Exercise details: Please give back, exactly as written, the lines from the line with "Average Fan vs Average Enjoyer | Person" to the line with "Writing Color Rainbow" in the listing below, leaving out all pictures.

Extracted data:
|---|

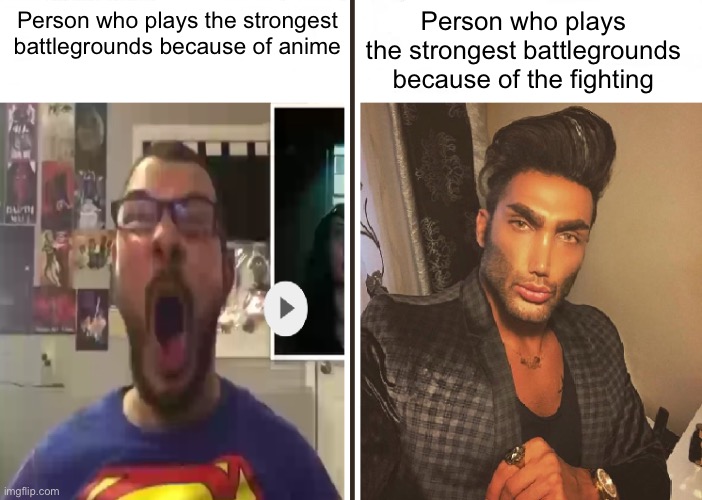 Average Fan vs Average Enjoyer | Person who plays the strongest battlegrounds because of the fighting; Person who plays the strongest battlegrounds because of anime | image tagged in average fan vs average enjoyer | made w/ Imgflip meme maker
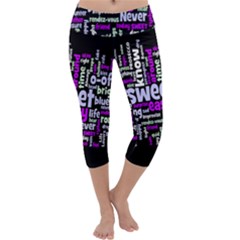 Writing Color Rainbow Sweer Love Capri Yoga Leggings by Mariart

|---|

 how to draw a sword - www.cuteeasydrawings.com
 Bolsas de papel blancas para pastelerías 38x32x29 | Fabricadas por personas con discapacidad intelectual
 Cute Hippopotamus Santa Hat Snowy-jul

|---|

Completed exercise:
 Average Fan vs Average Enjoyer | Person who plays the strongest battlegrounds because of the fighting; Person who plays the strongest battlegrounds because of anime | image tagged in average fan vs average enjoyer | made w/ Imgflip meme maker
 Writing Color Rainbow Sweer Love Capri Yoga Leggings by Mariart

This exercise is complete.